The announcement has provoked accusations of “dumbing down”, but Proms controller Nicholas Kenyon, who leaves later this year after 12 years in the job, defended his decision, saying that organisers must respond to audience demand by broadening the event’s appeal. Of Ball, Kenyon said: “He deserves a place at the Proms just as much as performers in the great classical tradition…. Our job is to cover the whole waterfront. I think he is one of the great, intelligent singing artists alive today."

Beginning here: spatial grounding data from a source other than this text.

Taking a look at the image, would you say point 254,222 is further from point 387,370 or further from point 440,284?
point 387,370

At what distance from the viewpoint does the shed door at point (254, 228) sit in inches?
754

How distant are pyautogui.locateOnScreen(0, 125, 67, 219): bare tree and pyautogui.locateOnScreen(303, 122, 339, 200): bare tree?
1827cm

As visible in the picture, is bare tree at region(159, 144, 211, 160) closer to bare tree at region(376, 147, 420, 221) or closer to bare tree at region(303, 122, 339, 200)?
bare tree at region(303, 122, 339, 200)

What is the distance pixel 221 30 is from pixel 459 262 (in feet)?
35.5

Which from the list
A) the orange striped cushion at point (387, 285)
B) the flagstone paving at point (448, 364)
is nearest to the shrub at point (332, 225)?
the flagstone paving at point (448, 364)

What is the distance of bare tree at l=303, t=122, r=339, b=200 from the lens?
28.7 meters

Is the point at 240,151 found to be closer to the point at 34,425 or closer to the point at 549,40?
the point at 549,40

Details of what Ball will include in his concert have not yet been confirmed, but songs from various Andrew Lloyd Webber and other musicals are expected to feature heavily. Though the Proms has never before included an entire evening of show tunes, it has made other departures from the classical repertoire in the past, including evenings of Brazilian and Cuban music.
Ball made his West End debut in 1985, originating the role of Marius in Les Miserables. He went on to star in Lloyd Webber’s The Phantom of the Opera, Passion and Aspects of Love. It was the last that had perhaps the most dramatic impact on his career, transferring to Broadway and also producing the #1 hit song "Love Changes Everything", which has become one of Ball's signature tunes on his ongoing concert tours.

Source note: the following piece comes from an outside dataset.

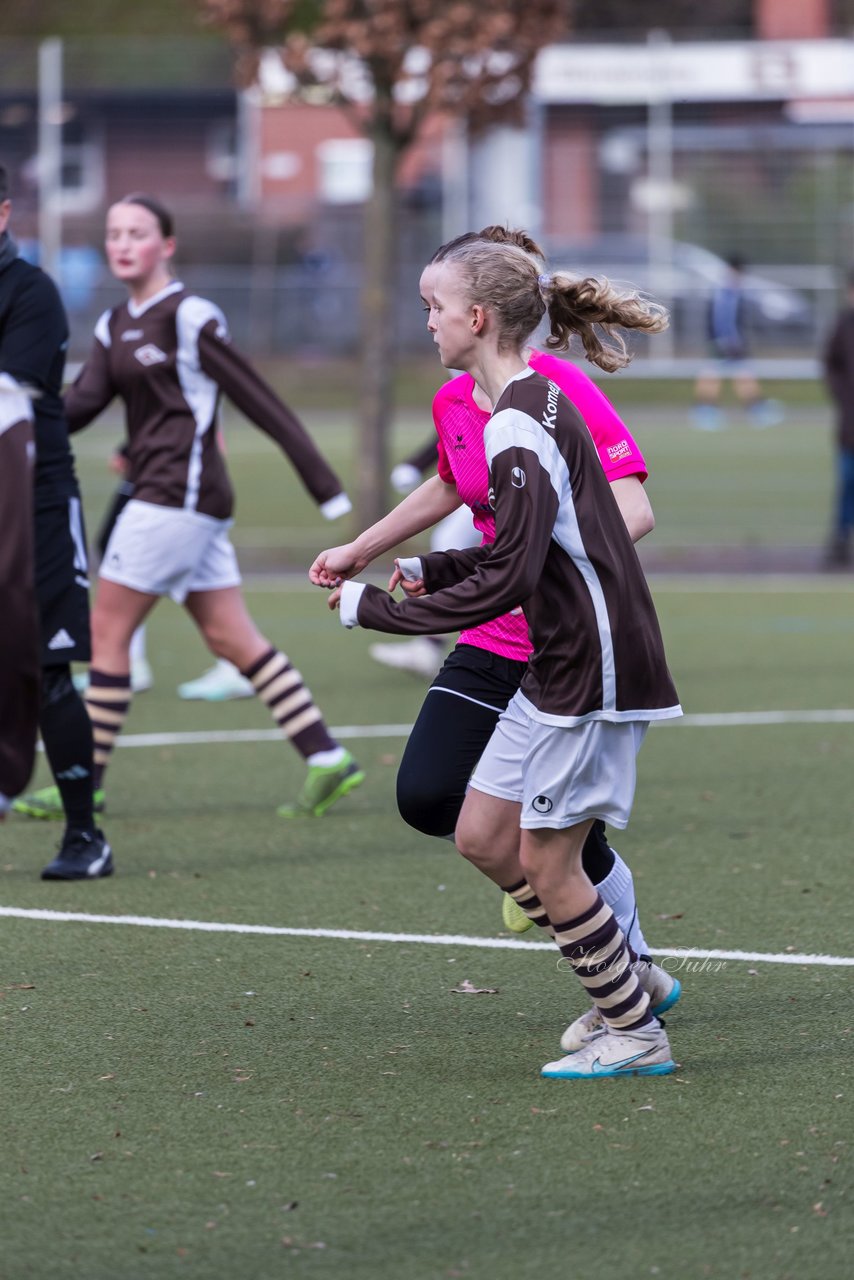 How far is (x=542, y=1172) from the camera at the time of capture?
13.6ft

Ball’s most recent West End roles have been Caractacus Potts in the stage premiere of Chitty Chitty Bang Bang and Count Fosco in The Woman in White, for which he won Whatsonstage.com’s Theatregoers’ Choice Award for Best Takeover in a Role. He reprised his performance in the Broadway premiere of the Andrew Lloyd Webber musical.

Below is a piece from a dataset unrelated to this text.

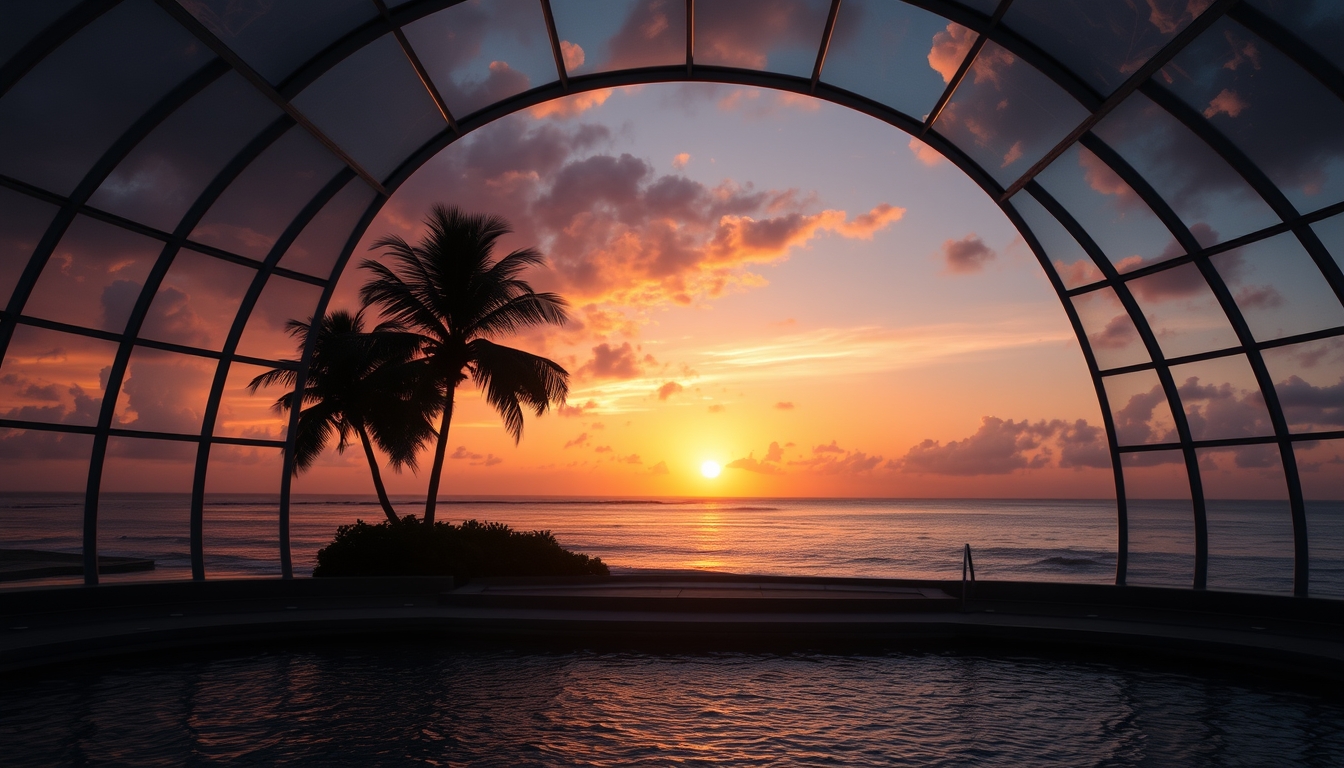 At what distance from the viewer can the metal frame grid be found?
30.5 ft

Ahead of his Proms appearance at the Royal Albert Hall, Ball will make his English National Opera debut, starring in a revival of Robert Wright and George Forrest 1953 Broadway musical Kismet (See News, 2 Aug 2006), which will have a consecutive run of performances at the London Coliseum from 27 June to 14 July 2006 (previews from 25 June).
This year’s BBC Proms runs from 13 July to 8 September 2007, spanning eight centuries of music in 90 concerts. The season opens with Beethoven’s “Ninth Symphony”. Asked yesterday whether he regarded Andrew Lloyd Webber as an equal to Beethoven, Nicholas Kenyon replied: “Yes, at his best.”